Работалось бы хорошо, если бы не осадок от коридорной беседы с одним кинематографистом, снявшим три-четыре невзрачных фильма и переквалифицировавшимся из режиссеров в сценаристы. Некогда он хотел снимать фильм о Лермонтове и сам предлагал мне роль Михаила Юрьевича.
- Ты что, "Лермонтова" снимаешь?
- Да, уже заканчиваю.
- А ты знаешь, был сценарий Саши Червинского.
- Нет, - ответил я, - сценарий Червинского вы мне не давали.
- Ты меня поразил, - сказал он.
- Чем же?
- Своим выступлением на вечере Гены Шпаликова. Тем, что ты там нес...
- Не понял, - прервал я его.
- О спаивании России... Окуджава сказал, если бы он знал, что будет такое, не пришел бы.

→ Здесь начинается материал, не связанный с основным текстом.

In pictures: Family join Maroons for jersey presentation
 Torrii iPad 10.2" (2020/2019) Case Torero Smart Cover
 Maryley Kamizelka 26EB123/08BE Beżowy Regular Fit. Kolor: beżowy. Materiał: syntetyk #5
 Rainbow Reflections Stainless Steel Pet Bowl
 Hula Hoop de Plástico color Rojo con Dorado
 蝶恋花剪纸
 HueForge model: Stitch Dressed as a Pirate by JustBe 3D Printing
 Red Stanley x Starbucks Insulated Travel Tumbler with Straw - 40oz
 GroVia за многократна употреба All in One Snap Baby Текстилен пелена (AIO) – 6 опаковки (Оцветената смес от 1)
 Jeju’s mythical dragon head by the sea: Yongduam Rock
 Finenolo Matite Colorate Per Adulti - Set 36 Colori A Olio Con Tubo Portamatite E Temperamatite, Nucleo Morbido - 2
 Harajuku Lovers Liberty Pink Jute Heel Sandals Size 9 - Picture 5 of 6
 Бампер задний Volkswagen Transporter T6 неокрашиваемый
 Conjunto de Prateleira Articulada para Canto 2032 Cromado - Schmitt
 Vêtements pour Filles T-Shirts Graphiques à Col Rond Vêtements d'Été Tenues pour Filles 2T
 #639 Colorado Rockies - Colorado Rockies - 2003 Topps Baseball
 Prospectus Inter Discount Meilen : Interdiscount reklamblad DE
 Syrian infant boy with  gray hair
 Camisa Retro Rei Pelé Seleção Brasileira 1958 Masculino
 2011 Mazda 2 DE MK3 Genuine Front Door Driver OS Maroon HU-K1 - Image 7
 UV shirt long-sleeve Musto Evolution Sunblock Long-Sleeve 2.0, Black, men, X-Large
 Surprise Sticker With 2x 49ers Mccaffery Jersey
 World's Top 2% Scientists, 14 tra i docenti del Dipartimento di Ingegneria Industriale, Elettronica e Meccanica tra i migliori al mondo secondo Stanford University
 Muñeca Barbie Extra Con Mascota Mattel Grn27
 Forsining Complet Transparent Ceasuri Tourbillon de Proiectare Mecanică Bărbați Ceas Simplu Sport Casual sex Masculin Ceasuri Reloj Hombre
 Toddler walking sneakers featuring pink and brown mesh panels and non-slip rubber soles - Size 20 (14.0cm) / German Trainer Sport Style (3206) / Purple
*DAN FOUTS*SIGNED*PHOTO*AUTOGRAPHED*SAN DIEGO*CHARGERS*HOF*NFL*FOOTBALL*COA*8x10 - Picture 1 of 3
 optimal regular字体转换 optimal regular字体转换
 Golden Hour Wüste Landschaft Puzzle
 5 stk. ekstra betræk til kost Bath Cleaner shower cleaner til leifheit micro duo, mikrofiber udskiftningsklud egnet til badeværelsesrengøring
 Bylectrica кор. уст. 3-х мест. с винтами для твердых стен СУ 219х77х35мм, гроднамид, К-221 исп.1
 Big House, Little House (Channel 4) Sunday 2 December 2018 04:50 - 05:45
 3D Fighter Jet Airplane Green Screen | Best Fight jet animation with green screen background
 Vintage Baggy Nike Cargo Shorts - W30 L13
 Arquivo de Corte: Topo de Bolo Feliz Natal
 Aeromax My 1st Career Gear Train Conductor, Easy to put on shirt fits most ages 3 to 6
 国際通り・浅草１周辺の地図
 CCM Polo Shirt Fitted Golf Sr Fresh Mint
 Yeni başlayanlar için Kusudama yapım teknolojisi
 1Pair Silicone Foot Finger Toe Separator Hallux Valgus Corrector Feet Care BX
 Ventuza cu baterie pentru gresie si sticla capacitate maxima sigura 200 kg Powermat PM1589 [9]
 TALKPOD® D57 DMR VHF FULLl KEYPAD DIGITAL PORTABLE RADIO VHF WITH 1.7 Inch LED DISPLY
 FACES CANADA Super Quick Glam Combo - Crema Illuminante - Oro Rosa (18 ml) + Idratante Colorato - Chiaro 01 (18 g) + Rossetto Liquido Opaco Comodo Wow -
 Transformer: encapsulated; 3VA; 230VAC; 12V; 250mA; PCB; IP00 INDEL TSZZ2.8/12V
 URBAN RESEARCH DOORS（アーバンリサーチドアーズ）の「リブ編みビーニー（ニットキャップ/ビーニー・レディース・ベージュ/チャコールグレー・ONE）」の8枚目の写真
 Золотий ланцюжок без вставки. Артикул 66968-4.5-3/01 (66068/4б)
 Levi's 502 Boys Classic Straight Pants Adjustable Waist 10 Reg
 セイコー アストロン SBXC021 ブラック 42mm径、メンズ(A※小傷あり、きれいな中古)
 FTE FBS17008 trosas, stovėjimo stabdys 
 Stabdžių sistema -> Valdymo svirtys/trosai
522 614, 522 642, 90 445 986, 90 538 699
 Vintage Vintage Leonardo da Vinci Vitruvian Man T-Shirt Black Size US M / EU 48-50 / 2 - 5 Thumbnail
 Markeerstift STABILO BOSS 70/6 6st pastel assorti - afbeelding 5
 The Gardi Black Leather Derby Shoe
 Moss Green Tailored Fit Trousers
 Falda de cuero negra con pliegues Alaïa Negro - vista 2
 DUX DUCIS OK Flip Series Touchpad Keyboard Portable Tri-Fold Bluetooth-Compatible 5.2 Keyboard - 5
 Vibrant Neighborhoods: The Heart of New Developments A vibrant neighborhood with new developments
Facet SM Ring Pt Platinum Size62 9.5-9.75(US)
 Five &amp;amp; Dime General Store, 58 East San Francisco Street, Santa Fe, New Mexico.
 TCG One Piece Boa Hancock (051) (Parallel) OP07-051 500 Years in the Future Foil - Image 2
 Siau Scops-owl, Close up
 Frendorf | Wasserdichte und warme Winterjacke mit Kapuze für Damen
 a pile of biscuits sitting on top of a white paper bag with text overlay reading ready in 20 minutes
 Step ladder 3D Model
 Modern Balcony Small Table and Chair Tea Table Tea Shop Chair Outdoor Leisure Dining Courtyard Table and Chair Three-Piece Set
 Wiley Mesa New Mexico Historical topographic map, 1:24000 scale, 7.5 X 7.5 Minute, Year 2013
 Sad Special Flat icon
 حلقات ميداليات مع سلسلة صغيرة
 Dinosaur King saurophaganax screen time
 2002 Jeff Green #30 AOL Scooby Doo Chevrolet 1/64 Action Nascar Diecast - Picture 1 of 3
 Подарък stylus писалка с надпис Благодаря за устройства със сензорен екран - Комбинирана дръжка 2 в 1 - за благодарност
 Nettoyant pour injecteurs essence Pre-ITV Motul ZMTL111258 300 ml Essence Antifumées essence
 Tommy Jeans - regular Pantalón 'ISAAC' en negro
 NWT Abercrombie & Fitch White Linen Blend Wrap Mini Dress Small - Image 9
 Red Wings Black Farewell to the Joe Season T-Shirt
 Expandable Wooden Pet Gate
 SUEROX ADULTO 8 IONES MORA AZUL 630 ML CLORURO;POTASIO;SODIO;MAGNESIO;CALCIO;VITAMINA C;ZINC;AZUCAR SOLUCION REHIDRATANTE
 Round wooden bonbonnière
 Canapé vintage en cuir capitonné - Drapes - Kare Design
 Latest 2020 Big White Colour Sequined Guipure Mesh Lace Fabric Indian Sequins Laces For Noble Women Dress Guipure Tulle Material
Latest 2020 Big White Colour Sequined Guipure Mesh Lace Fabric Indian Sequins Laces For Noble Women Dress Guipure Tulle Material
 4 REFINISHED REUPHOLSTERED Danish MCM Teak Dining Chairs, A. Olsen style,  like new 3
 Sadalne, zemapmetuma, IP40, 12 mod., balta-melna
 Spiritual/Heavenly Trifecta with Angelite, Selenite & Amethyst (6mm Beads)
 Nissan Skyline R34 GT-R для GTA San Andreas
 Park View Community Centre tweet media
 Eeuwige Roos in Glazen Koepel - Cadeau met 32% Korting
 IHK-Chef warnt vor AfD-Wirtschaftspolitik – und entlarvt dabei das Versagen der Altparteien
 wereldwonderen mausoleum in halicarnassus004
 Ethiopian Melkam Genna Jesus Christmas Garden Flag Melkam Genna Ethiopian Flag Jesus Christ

Показательная беседа. Не минует меня "чаша сия", и отчетливее стали пониматься слова Михаила Юрьевича:
Провозглашать я стал любви
И правды чистые ученья,
В меня все ближние мои
Бросали бешено каменья.
Я, конечно, не имею права сравнивать себя с Лермонтовым, не считаю себя "пророком", но тут мне показалось, что я понял поэта еще больше. Что ж, будем выдерживать и каменья, ведь Лермонтов выдержал.